Start of Supplied data
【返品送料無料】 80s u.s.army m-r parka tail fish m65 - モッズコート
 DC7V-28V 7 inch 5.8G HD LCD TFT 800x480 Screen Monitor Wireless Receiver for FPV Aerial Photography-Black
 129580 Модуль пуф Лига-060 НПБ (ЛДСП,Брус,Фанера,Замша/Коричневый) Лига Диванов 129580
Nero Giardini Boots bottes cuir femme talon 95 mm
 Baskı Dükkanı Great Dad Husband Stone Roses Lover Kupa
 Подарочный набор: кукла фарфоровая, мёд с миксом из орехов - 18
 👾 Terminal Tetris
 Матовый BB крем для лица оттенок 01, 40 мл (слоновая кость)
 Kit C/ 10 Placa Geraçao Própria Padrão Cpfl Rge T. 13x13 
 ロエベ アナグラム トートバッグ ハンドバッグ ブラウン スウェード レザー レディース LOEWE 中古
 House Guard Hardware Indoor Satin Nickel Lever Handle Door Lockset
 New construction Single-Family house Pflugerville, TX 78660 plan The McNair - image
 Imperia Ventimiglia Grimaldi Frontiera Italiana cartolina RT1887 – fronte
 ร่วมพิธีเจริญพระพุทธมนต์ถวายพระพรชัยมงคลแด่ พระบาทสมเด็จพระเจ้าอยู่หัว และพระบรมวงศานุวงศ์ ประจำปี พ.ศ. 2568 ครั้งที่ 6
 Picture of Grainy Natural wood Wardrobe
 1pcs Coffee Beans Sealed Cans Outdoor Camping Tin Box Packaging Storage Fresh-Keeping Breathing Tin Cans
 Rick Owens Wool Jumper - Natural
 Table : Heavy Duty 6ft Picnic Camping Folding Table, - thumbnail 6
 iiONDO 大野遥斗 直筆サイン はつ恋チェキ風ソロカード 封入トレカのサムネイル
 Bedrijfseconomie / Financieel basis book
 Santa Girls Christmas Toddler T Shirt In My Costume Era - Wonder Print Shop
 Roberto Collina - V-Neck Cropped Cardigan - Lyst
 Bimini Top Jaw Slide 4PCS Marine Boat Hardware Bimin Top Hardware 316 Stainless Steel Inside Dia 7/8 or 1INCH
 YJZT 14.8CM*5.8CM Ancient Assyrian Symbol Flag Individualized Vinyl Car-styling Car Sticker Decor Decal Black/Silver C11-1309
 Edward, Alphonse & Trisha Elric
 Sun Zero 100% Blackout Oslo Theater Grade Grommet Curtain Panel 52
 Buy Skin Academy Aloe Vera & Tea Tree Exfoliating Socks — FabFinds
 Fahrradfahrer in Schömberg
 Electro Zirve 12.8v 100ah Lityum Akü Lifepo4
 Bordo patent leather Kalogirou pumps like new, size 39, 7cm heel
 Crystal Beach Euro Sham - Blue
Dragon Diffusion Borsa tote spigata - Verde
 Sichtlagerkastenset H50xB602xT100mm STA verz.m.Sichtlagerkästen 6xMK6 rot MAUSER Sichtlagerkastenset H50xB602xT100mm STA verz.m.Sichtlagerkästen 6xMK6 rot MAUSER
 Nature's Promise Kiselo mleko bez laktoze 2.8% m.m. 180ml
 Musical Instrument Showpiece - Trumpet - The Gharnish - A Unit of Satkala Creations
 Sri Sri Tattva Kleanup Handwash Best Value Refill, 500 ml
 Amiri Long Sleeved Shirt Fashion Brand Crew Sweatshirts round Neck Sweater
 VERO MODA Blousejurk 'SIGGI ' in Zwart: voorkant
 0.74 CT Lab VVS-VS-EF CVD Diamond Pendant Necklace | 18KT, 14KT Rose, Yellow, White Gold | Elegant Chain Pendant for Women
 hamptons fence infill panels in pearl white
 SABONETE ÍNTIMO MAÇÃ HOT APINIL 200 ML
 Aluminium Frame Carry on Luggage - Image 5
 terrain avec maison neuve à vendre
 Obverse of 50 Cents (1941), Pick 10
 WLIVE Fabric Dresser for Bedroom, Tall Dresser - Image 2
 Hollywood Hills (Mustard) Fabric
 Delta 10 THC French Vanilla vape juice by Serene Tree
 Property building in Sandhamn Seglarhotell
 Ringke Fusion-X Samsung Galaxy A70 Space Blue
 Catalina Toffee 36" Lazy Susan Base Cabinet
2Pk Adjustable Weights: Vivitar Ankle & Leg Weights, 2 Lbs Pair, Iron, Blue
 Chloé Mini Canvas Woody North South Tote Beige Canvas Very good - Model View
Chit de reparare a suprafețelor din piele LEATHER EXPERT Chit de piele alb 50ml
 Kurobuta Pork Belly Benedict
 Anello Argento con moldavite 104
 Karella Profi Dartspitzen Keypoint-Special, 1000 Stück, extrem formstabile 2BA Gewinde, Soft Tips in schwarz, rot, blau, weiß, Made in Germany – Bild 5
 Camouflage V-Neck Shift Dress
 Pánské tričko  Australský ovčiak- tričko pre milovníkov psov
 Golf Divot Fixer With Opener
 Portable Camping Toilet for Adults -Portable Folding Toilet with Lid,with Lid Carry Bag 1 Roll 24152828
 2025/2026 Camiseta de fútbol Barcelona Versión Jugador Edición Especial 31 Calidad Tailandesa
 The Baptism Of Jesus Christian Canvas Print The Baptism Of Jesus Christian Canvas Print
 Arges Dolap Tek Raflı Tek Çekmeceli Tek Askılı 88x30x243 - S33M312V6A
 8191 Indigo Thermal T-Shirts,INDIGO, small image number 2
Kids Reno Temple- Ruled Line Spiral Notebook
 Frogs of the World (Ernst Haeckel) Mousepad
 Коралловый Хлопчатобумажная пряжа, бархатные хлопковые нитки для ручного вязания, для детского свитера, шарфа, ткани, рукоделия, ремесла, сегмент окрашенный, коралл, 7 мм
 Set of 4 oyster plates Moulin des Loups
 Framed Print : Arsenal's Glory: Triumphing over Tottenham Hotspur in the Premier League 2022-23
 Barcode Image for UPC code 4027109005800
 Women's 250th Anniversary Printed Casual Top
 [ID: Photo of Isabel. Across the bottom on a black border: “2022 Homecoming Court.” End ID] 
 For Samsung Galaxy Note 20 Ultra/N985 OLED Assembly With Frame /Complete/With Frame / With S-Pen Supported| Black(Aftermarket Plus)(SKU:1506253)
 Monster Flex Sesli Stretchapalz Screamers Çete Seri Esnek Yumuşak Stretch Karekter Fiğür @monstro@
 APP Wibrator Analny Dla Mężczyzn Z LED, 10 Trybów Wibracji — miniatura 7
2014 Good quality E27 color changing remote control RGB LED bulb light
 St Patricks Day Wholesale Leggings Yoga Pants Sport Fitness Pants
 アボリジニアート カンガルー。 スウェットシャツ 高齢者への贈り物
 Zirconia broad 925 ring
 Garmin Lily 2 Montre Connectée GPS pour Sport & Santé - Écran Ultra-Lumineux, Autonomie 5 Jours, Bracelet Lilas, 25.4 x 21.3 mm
End of Supplied data
Description of the task:
Return nothing but the lines from the top of the records above through the line that has "1pcs Coffee Beans". Keep each one exact.

Output of the exercise:
【返品送料無料】 80s u.s.army m-r parka tail fish m65 - モッズコート
 DC7V-28V 7 inch 5.8G HD LCD TFT 800x480 Screen Monitor Wireless Receiver for FPV Aerial Photography-Black
 129580 Модуль пуф Лига-060 НПБ (ЛДСП,Брус,Фанера,Замша/Коричневый) Лига Диванов 129580
Nero Giardini Boots bottes cuir femme talon 95 mm
 Baskı Dükkanı Great Dad Husband Stone Roses Lover Kupa
 Подарочный набор: кукла фарфоровая, мёд с миксом из орехов - 18
 👾 Terminal Tetris
 Матовый BB крем для лица оттенок 01, 40 мл (слоновая кость)
 Kit C/ 10 Placa Geraçao Própria Padrão Cpfl Rge T. 13x13 
 ロエベ アナグラム トートバッグ ハンドバッグ ブラウン スウェード レザー レディース LOEWE 中古
 House Guard Hardware Indoor Satin Nickel Lever Handle Door Lockset
 New construction Single-Family house Pflugerville, TX 78660 plan The McNair - image
 Imperia Ventimiglia Grimaldi Frontiera Italiana cartolina RT1887 – fronte
 ร่วมพิธีเจริญพระพุทธมนต์ถวายพระพรชัยมงคลแด่ พระบาทสมเด็จพระเจ้าอยู่หัว และพระบรมวงศานุวงศ์ ประจำปี พ.ศ. 2568 ครั้งที่ 6
 Picture of Grainy Natural wood Wardrobe
 1pcs Coffee Beans Sealed Cans Outdoor Camping Tin Box Packaging Storage Fresh-Keeping Breathing Tin Cans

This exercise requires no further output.